TASK STATEMENT →
Reproduce the listing below exactly, except for its pictures.

╭─ DATA SEGMENT

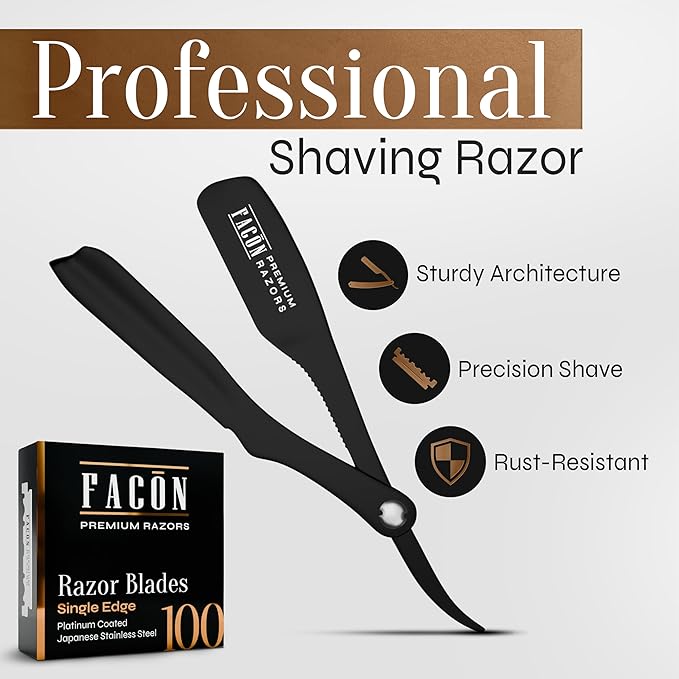 Facón Straight Razors for Men + Facón Transparent Shaving Gel for Men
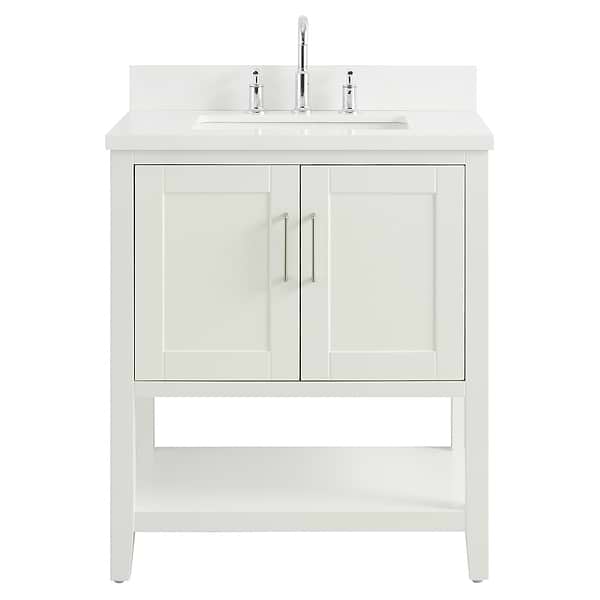 Sheraton 30" White Vanity with Pure White Quartz Top and Ceramic Basin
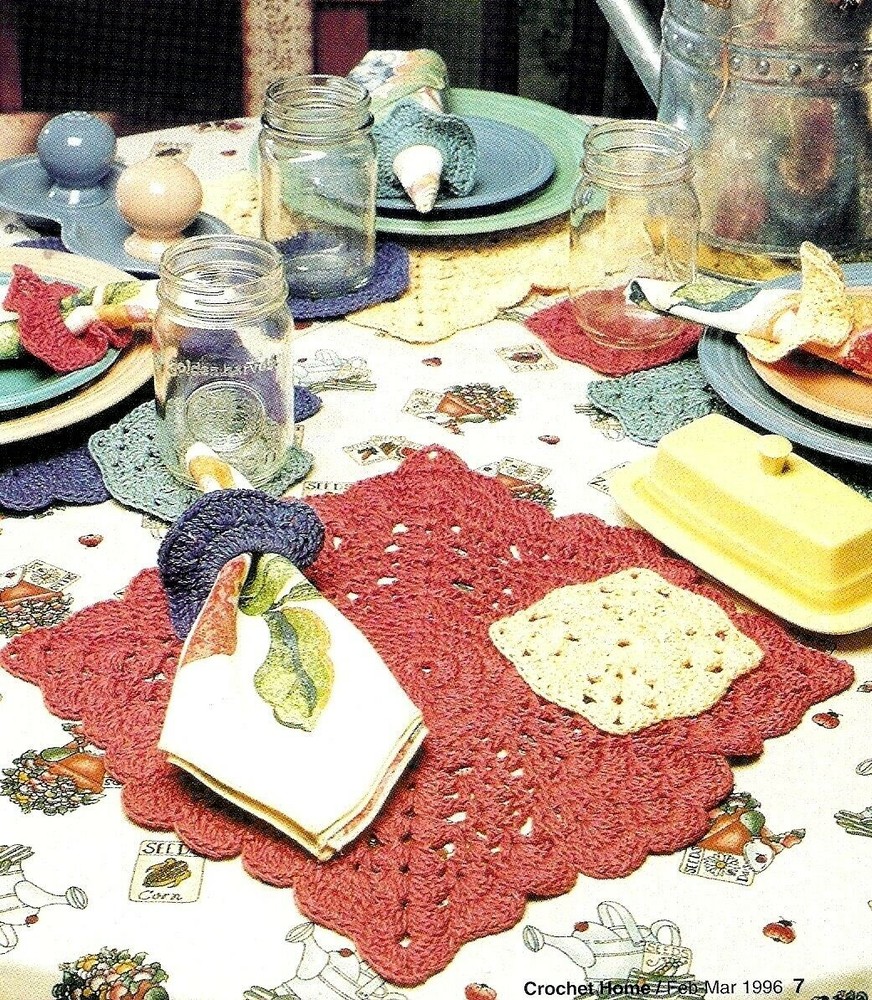 PRETTY Spring Placemat Set/Decor/Crochet Pattern INSTRUCTIONS ONLY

╰─

ANSWER TO THIS TASK →
 Facón Straight Razors for Men + Facón Transparent Shaving Gel for Men
 Sheraton 30" White Vanity with Pure White Quartz Top and Ceramic Basin
 PRETTY Spring Placemat Set/Decor/Crochet Pattern INSTRUCTIONS ONLY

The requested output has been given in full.